Yoga for Runners Pose No. 1: Parsvottanasana (Intense Side Stretch Pose)
Why you should try it:
This pose is a wonderful hamstring-opener.
How to do it:

  1. Step your left foot back about 2-3 feet and turn in your back toes by 45 degrees.
  2. Keep your front knee softened and don’t lock your knee joint.
  3. Press into your back heel and slowly fold over your front leg. If your hands do not reach the ground, it’s best to have two yoga blocks on either side of your front foot, which is better than jamming your hands over your shin. (This usually creates an unnecessary rounding in your shoulders.)

Some instructors teach you to bring your forehead to your shin, but I often find that students will hunch their upper bodies to try to do this. Instead, think of your heart touching your knee, and don’t worry how close to accomplishing that you actually are. Keep your shoulders away from your ears as you bend forward, and relax your neck. Hold for at least 15 breaths and give your nervous system time to calm down. After a few deep breaths, you’ll notice your front leg starting to straighten more and more. That’s great, but don’t thrust it back; let your breathing dictate how straight it goes. If the pain in the back of your leg becomes sharp, unlike the duller pain of stretching, bend your knee more so that you don’t risk tearing your hamstring. Repeat on the other side.

Yoga for Runners Pose No. 2: Janu Sirsasana (Head-to-knee Forward Bend)
Why you should try it:
This is my favorite seated posture. You are not only opening up your hamstring, but also working an external rotation of your other leg, stretching the inside of your thigh.
How to do it:

  1. Stretch both your legs in front of you while you are seated, and bring your left foot near your groin by bending your knee.
  2. Place your heel into your inner right thigh and allow the leg to fall open. If your left knee does not come to the ground, consider using a yoga block or a blanket to help prop it up so that your inner left thigh is not shaking the entire time.
  3. Turn your chest over your right knee and, just like in the last pose, lengthen your heart toward your knee. If you let your head lead, you will inevitably round your upper back. Again, don’t worry about how far you get down; just close your eyes and breathe.

Alternately, you can place a yoga strap around your right foot and draw your arms back and heart forward to intensify the stretch. Keep your right foot in flexion the entire time so that your leg is engaged and you’re targeting the heart of that hamstring.
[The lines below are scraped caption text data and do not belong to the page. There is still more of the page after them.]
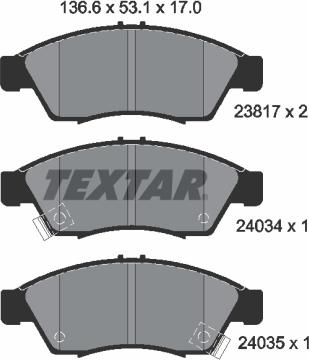 Textar 2381701 - Bremžu uzliku kompl., Disku bremzes ps1.lv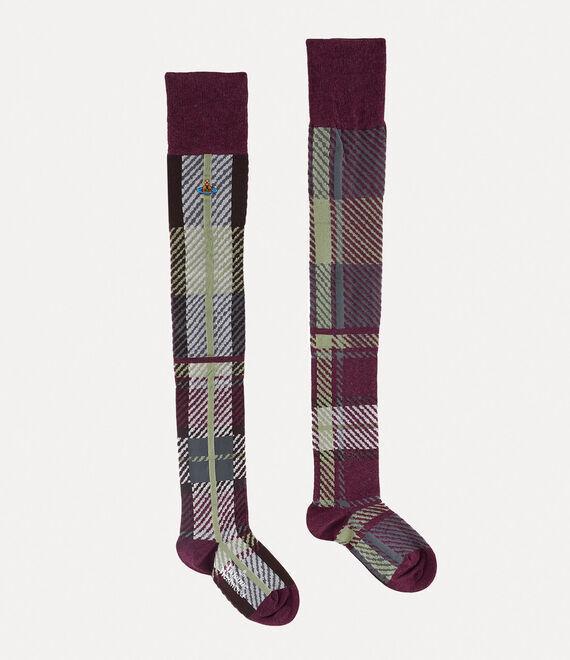 Multi Tartan Over The Knee Sock Product Image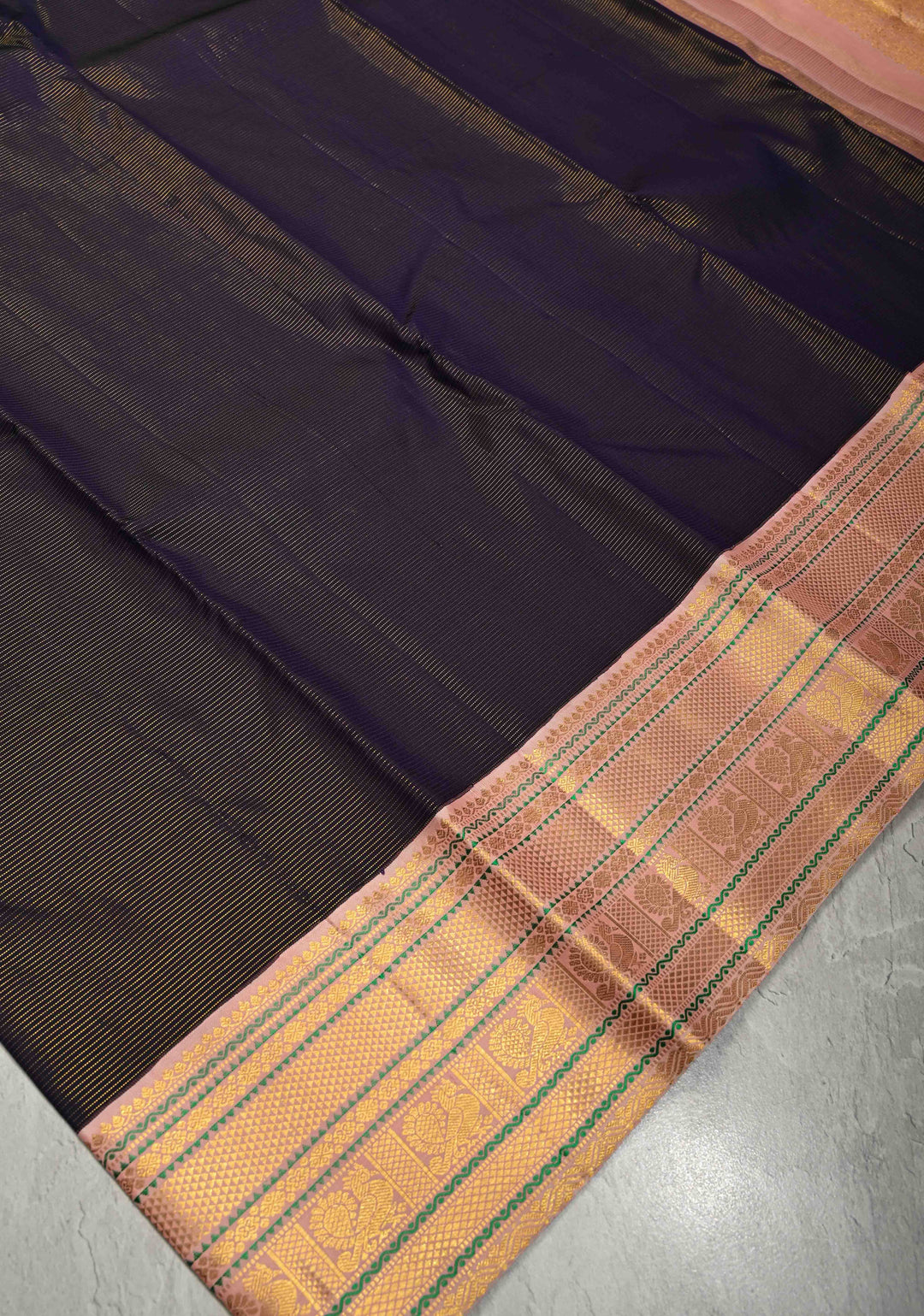 Deep Navy Blue Pure Kanjivaram Silk Saree with Vairaoosi Zari Stripes and Contrast Korvai Veldhari Zari Border | SILK MARK CERTIFIED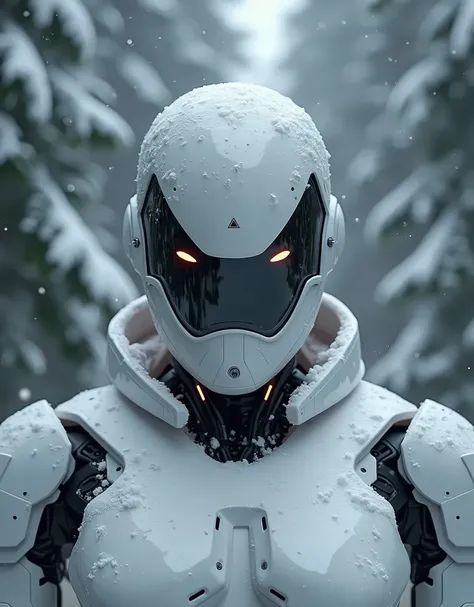 Real life, Photography in portrait mode, A close-up reveals snow slowly accumulating on the robot’s smooth, The robots armor is in the white color brikht, dark frame as it stands in the middle of a dense, snowy forest. Pine trees loom around it, their bran...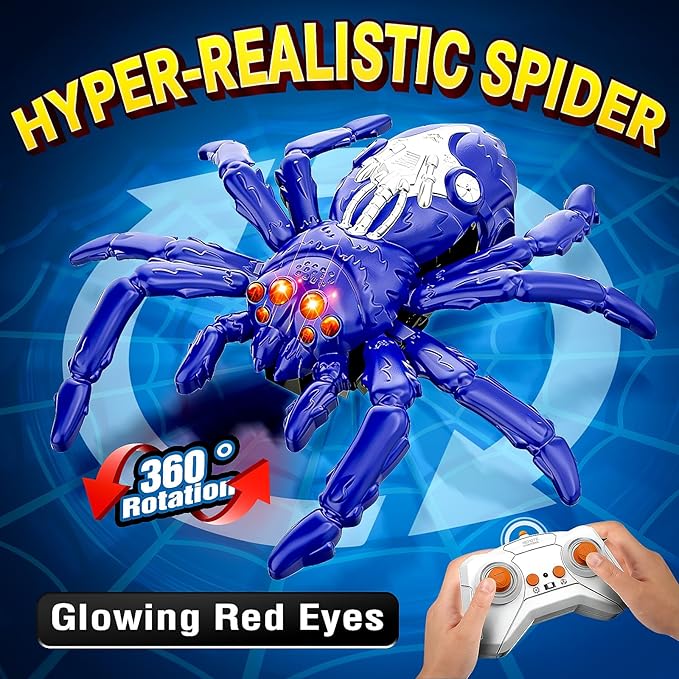 Wall Climbing Spider Remote Control Toy, RC Creepy Crawler with Glowing Eyes for Walls & Ceilings, Prank Halloween Birthday Gift for Kids Boys Girls Ages 3+ (Purple)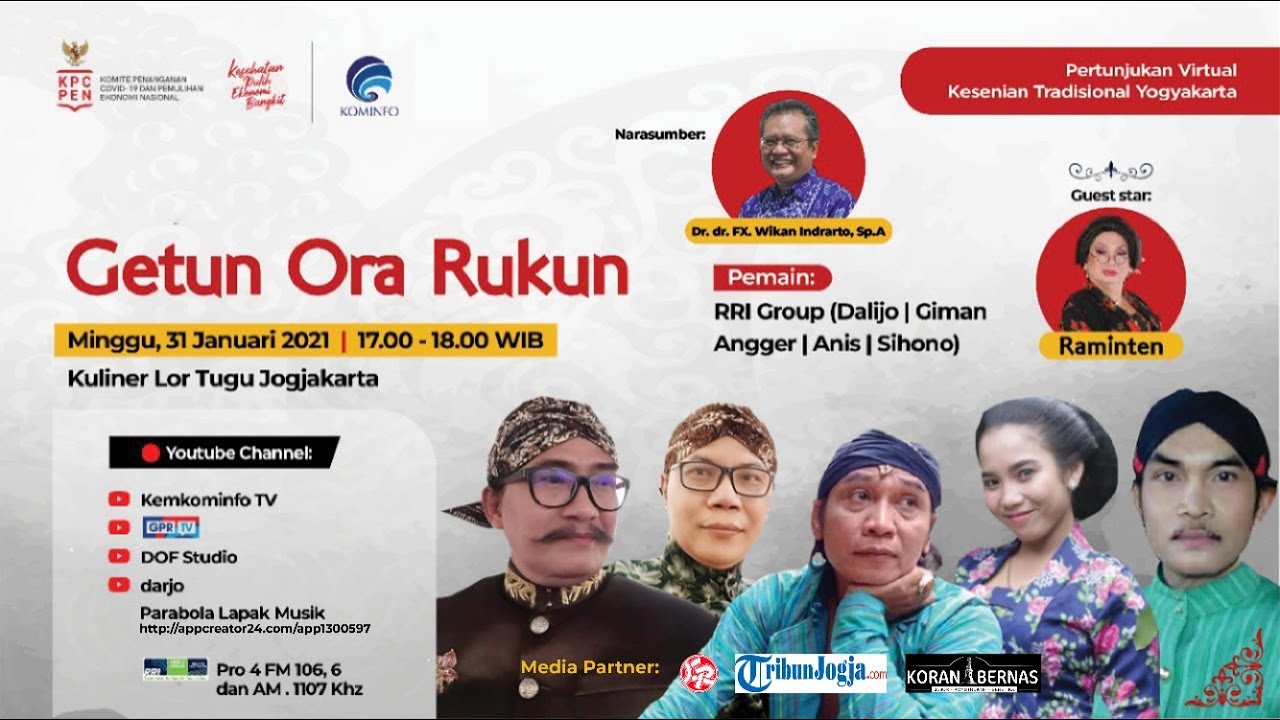 [Pertunjukan Virtual] Getun Ora Rukun - RRI Grup dengan Bintang Tamu : RAMINTEN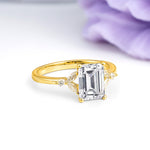 Vintage Classic 4-Prong Emerald Cut Lab Diamond Engagement Ring - Additional view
Stay there for at least 15 breaths, come up slowly and switch legs.

Yoga for Runners Pose No. 3: Bhujangasana (Cobra Pose)
Why you should try it:
This is perhaps the most fundamental backbend in yoga, and one of the most powerful. Our shoulders take a lot of the impact when we run, so this is a great way to keep them loose and open.
How to do it:

  1. Start lying on your stomach and bend your elbows so that your thumbs line up with the center of your chest.
  2. Keep your head on the ground and start to draw your elbows together behind your back, keeping your hands on the ground.
  3. From there, begin to lift your chest by moving your heart forward and slowly straightening your arms.
  4. Only begin to slightly look up once your heart is as far forward as it can go.

This posture is all about the shoulders, but I often see students crane their necks skyward while tensing their shoulders. A great way to check to see if you’re doing this is to slightly look down and then lift your hands an inch or two off the ground. This will tell you that you’re using your shoulder strength and not your arms. Don’t fully straighten your arms in a Cobra, and always keep your pelvis on the ground. Firmly press the tops of your feet into the mat or carpet to protect your lower back. If you feel this pose in your back, you’ve pushed yourself up too high; come down a little and breathe. Take at least five breaths, come down slowly, and repeat four to six times.